In our last post we looked at the performance of Spark vs hand-written C code for a single query, Q6, from the standard TPC-H benchmark. We saw that Flare is able to accelerate the Spark query by a factor of 20x, to exactly the same performance as the hand-written C program.
In this post, without further ado, we present results for the full TPC-H suite of 22 queries. We are again interested in single core performance, mainly to gauge the inherent overheads in Spark, which Flare reduces by a large margin.

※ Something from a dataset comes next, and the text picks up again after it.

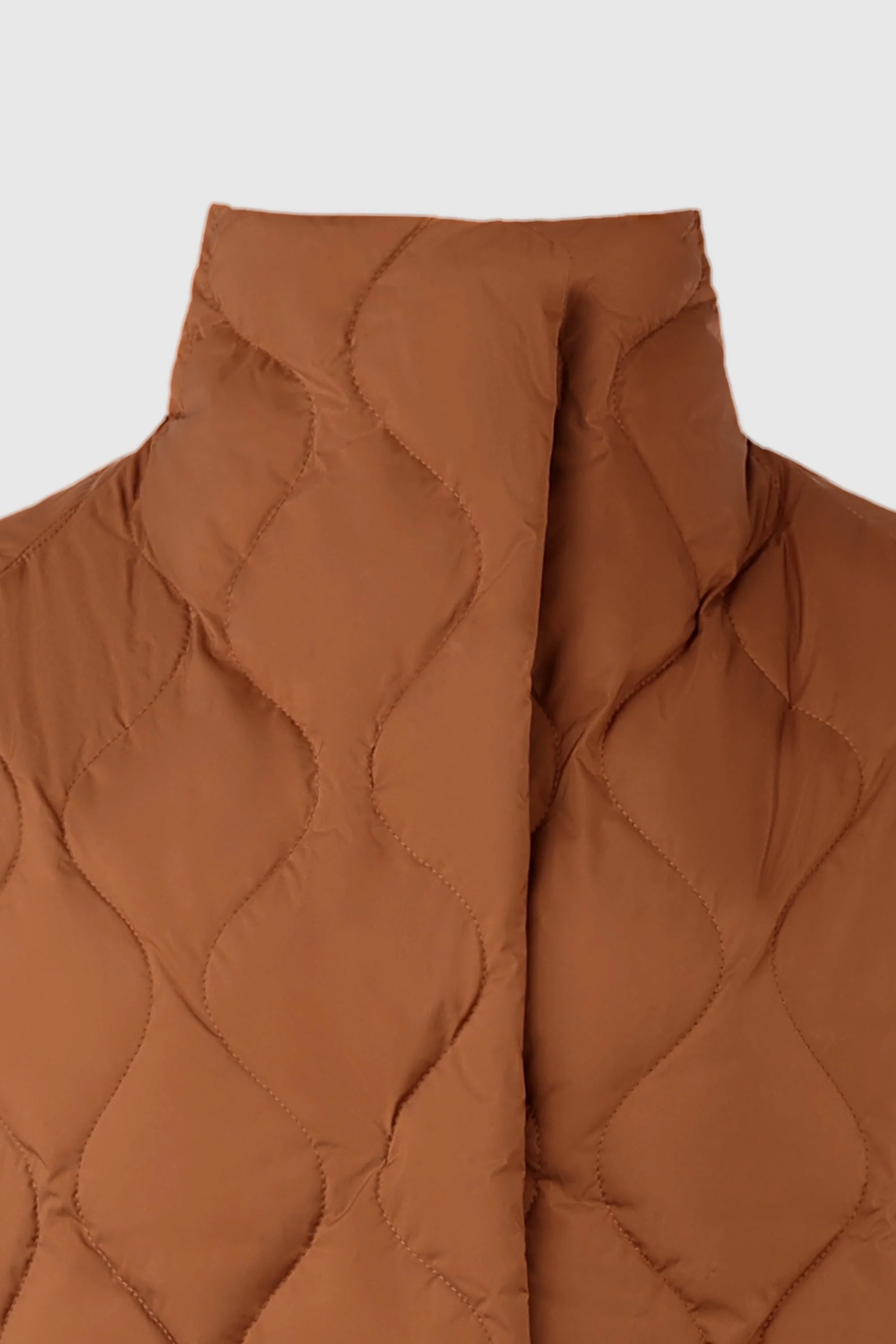 Oversized Quilted Lightweight Down Puffer Jacket - Image 21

Why single-core? Quoting Paul Barham via Frank McSherry: “You can have a second computer once you’ve shown you know how to use the first one”. Premature scale-out has immediate drawbacks in terms of higher datacenter and operating costs, and inefficient use of energy may have consequences as far-reaching as contributing to global warning.

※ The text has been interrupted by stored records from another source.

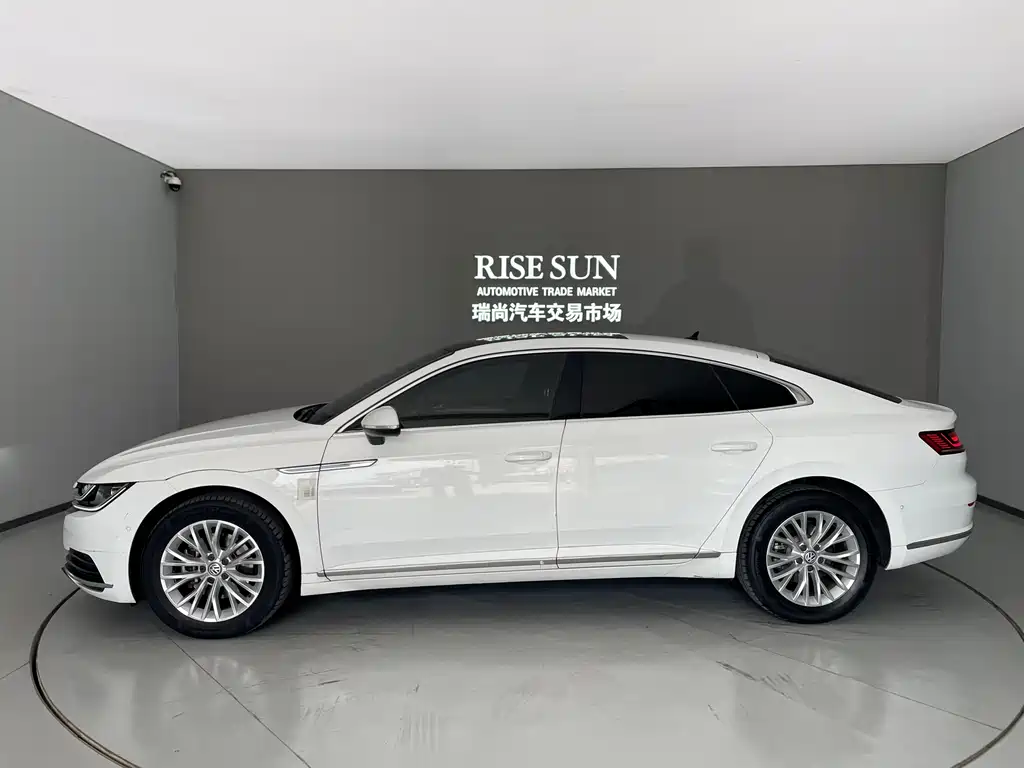 FAW-Volkswagen CC 2019 330TSI Charming Edition National V купить на сайте DeffCars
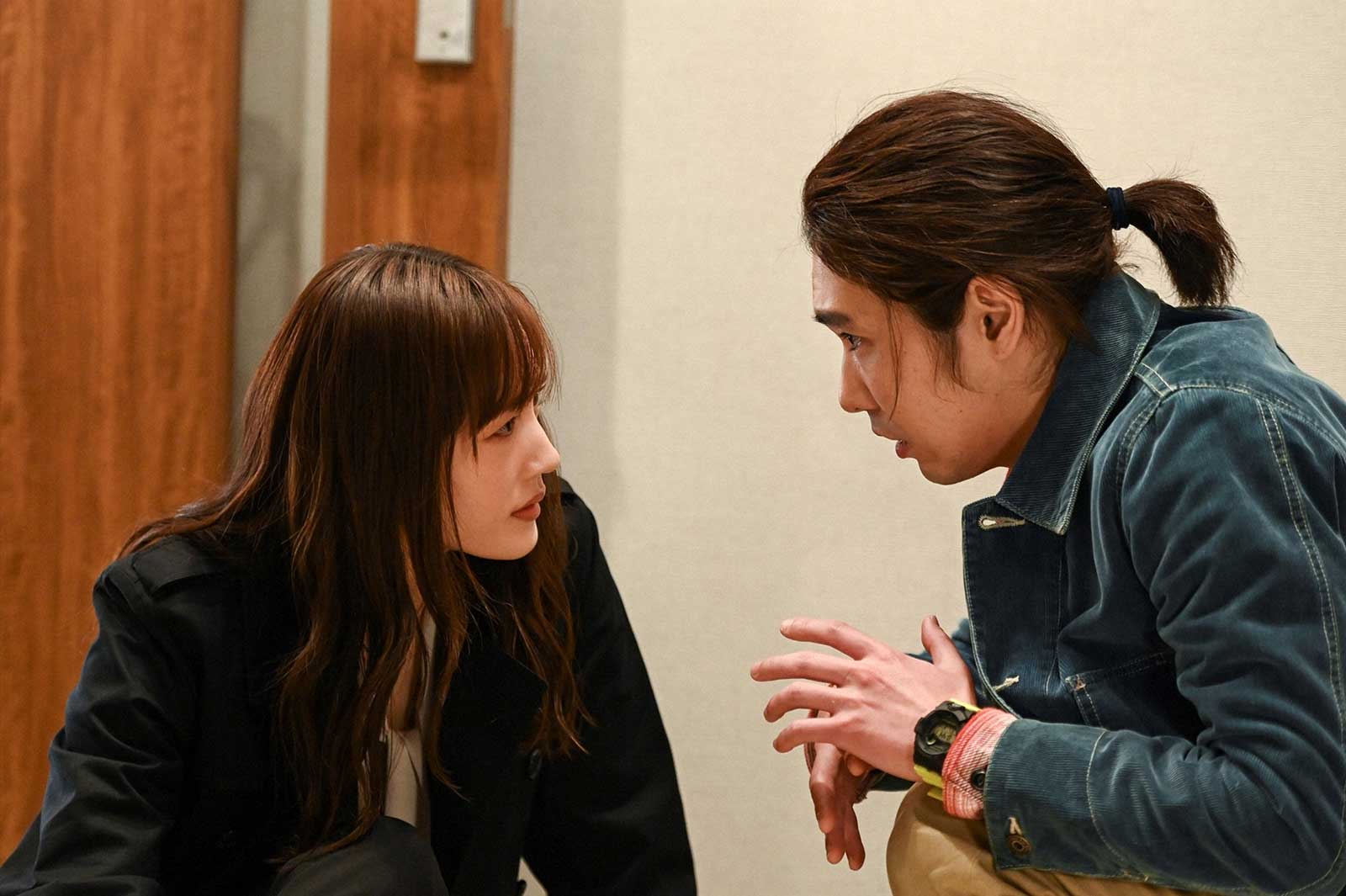 綾瀬はるか、柄本佑「天国と地獄 ～サイコな2人～」第7話より（C）TBS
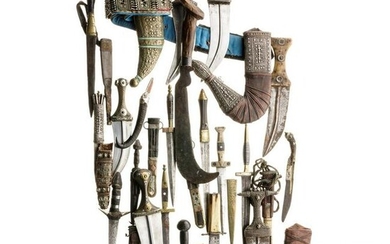 20 Oriental daggers and knives, 19th/20th century
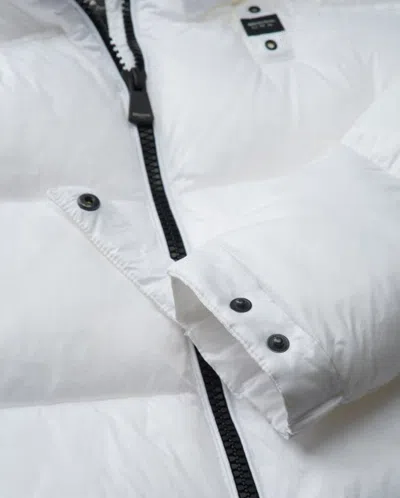 Blauer Gloria In White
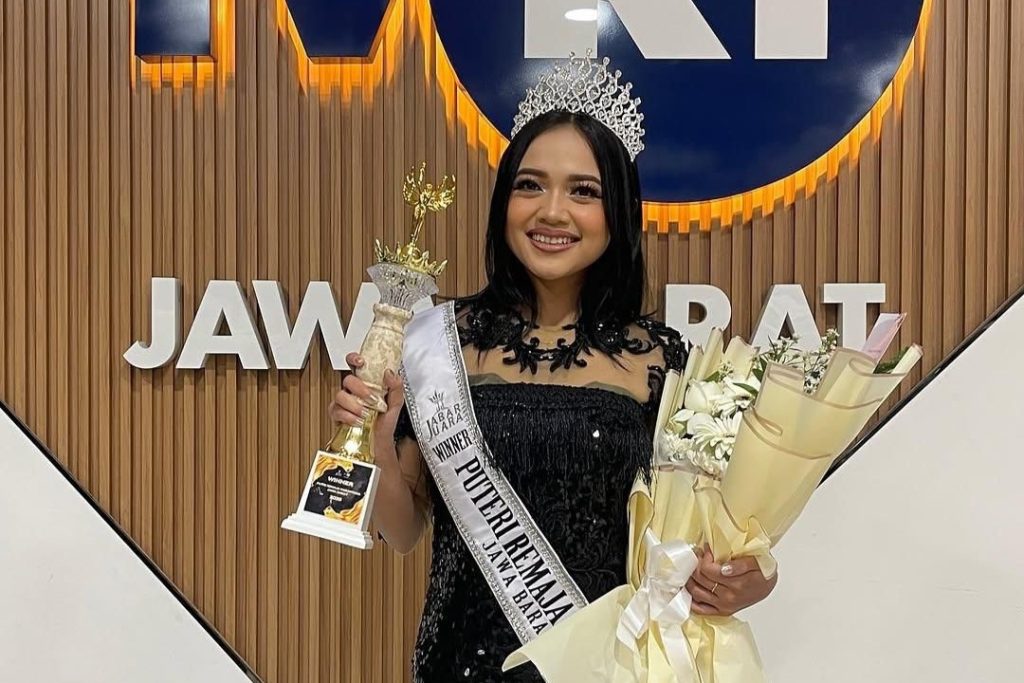Mahasiswi Unpas Riska Apriani Menjadi Pemenang Puteri Remaja Nusantara Jawa Barat 2025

All numbers below are in milliseconds (ms), measured on a single core, after pre-loading the data into memory. We show results first for the SF1 dataset (1 GB), then for SF10 (10 GB).

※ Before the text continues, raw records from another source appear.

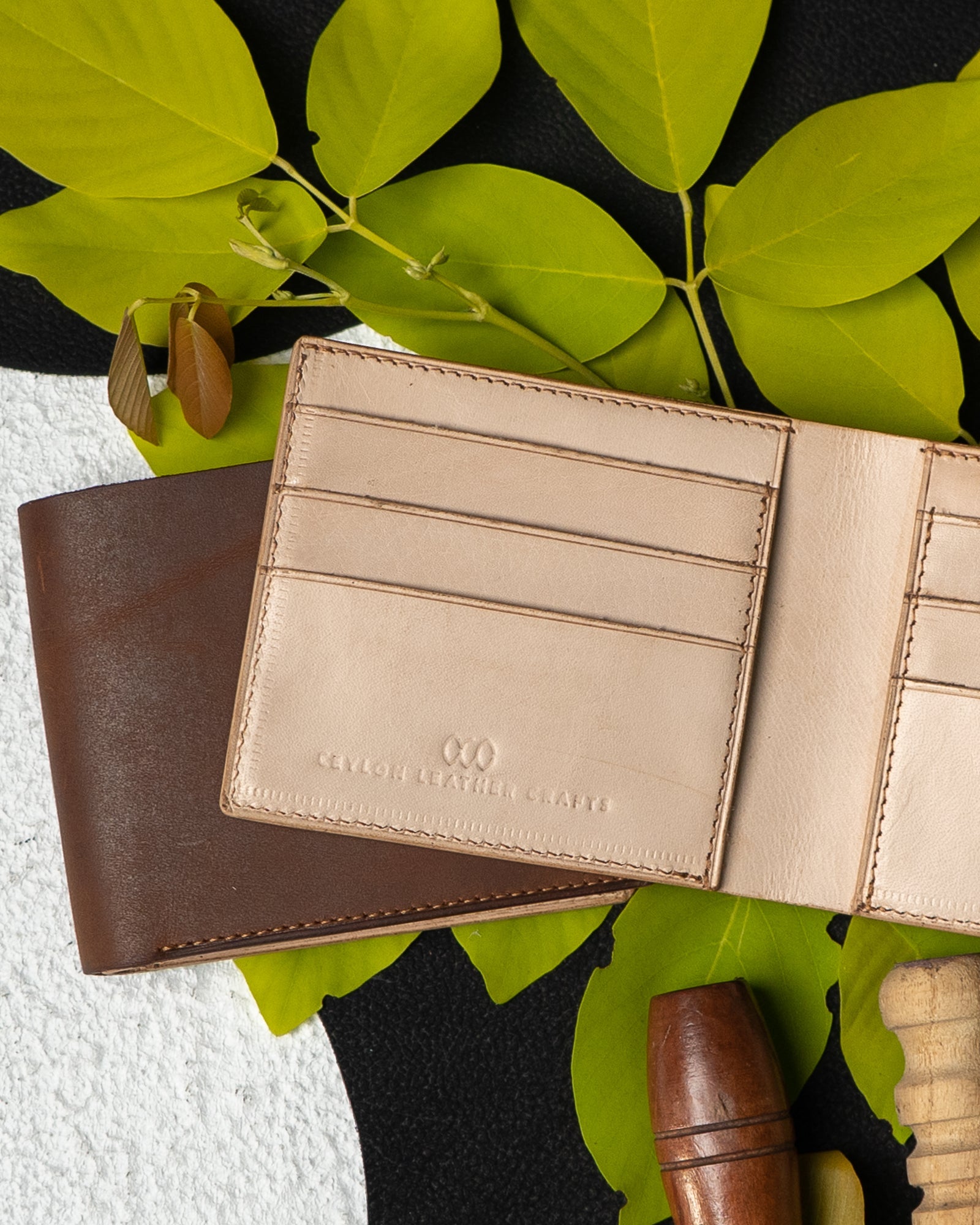 Adam Wallet – Oil Pull - Up & Crust Leather Edition - Ceylon Leather Crafts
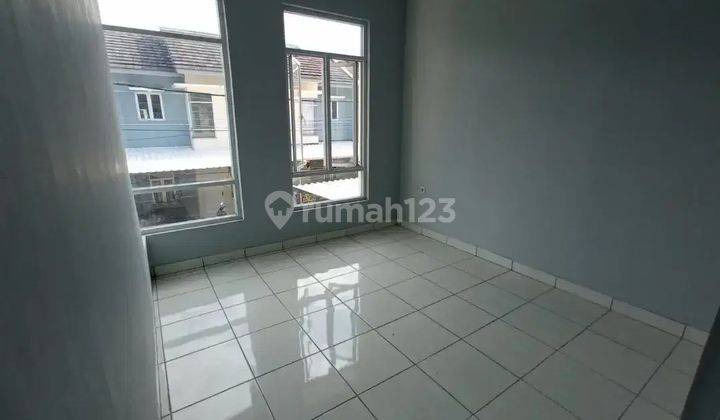 Rumah Cantik Berkualitas Dalam Cluster Pinggir Jalan Raya Lippo 2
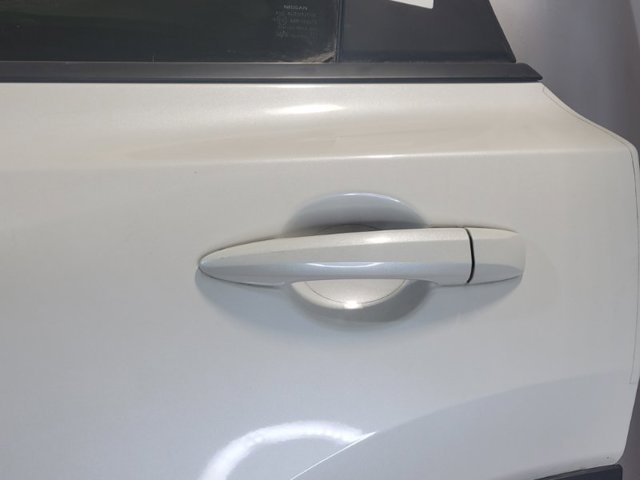 Ручка правих дверей зовнішня 826406RA0A NISSAN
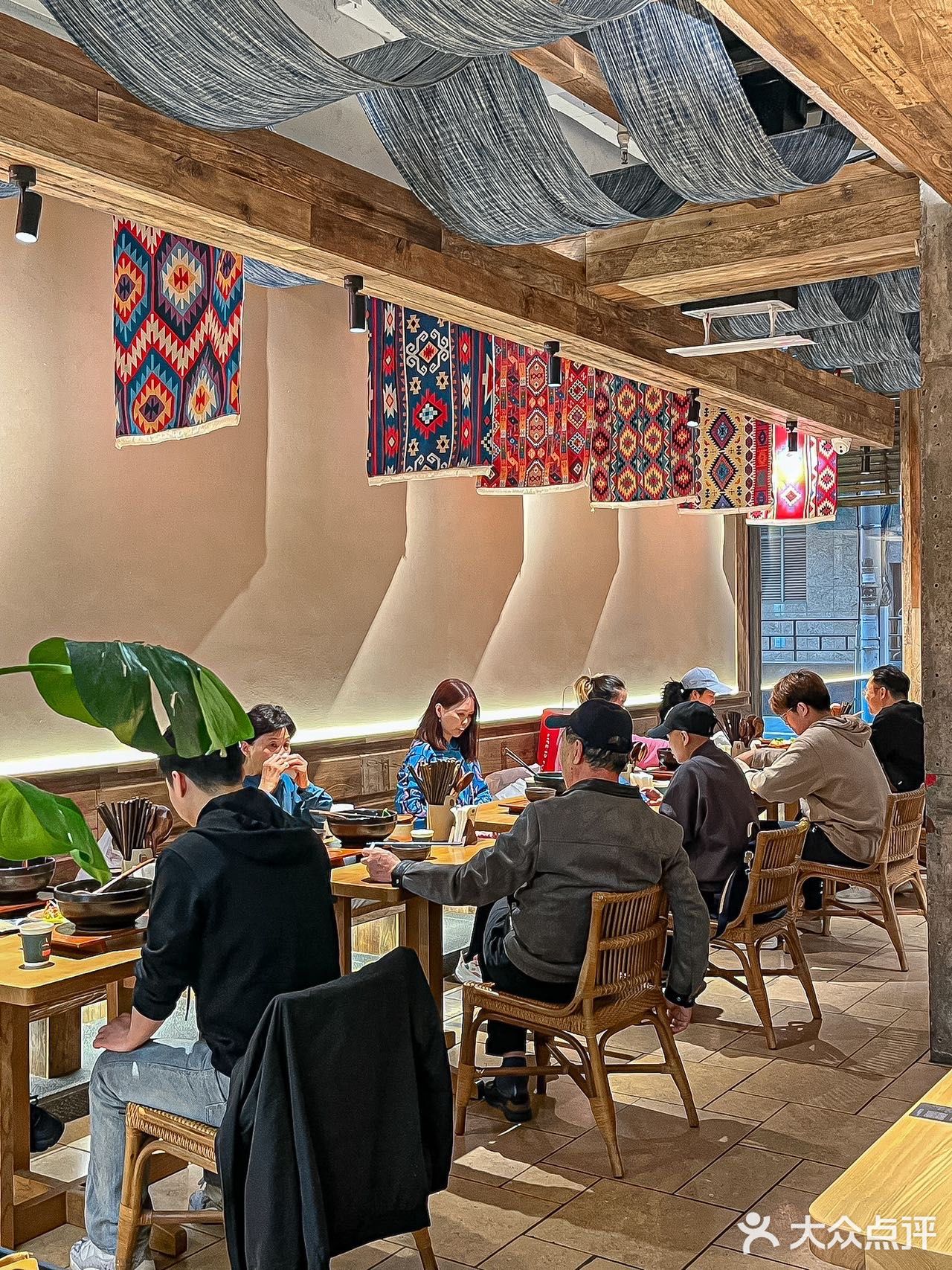 上海！都来炫烧烤！上海的！云南烧烤店！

| SF1 | Q1 | Q2 | Q3 | Q4 | Q5 | Q6 | Q7 | Q8 | Q9 | Q10 | Q11 | Q12 | Q13 | Q14 | Q15 | Q16 | Q17 | Q18 | Q19 | Q20 | Q21 | Q22 |
|---|---|---|---|---|---|---|---|---|---|---|---|---|---|---|---|---|---|---|---|---|---|---|
| PostgreSQL | 24289 | 680 | 3422 | 833 | 1163 | 2534 | 1725 | 2599 | 6030 | 3433 | 672 | 3932 | 2362 | 2445 | 2416 | 1353 | 11712 | 8916 | 3121 | 6580 | 4071 | 1163 |
| Spark SQL | 3539 | 10640 | 7803 | 5433 | 35243 | 675 | 10756 | 4473 | 24171 | 18222 | 8355 | 4621 | 6102 | 905 | 3744 | 16534 | 5099 | 7031 | 2458 | 7451 | 21903 | 3911 |
| Flare | 42 | 16 | 63 | 52 | 51 | 19 | 59 | 98 | 251 | 142 | 12 | 93 | 225 | 29 | 32 | 174 | 1042 | 89 | 433 | 78 | 280 | 62 |
| SF10 | Q1 | Q2 | Q3 | Q4 | Q5 | Q6 | Q7 | Q8 | Q9 | Q10 | Q11 | Q12 | Q13 | Q14 | Q15 | Q16 | Q17 | Q18 | Q19 | Q20 | Q21 | Q22 |
|---|---|---|---|---|---|---|---|---|---|---|---|---|---|---|---|---|---|---|---|---|---|---|
| PostgreSQL | 241404 | 6649 | 33721 | 7936 | 30043 | 23358 | 32501 | 29759 | 64224 | 33145 | 7093 | 37880 | 31242 | 22058 | 23133 | 13232 | 155449 | 90949 | 29452 | 65541 | 299178 | 11703 |
| Spark SQL | 22487 | 29387 | 66502 | 30168 | 2554893 | 8463 | 51715 | 91718 | 175146 | 60688 | 26560 | 25701 | 39432 | 10942 | 21552 | 31349 | 109502 | 81018 | 16384 | 38774 | 95982 | 85351 |
| Flare | 616 | 166 | 723 | 638 | 744 | 285 | 846 | 1053 | 2963 | 1856 | 73 | 999 | 3620 | 355 | 486 | 1549 | 2928 | 1473 | 4967 | 1012 | 6679 | 887 |
We can see that Flare exhibits large speedups, not only compared to plain Spark, but also to widely used relational database systems like PostgreSQL.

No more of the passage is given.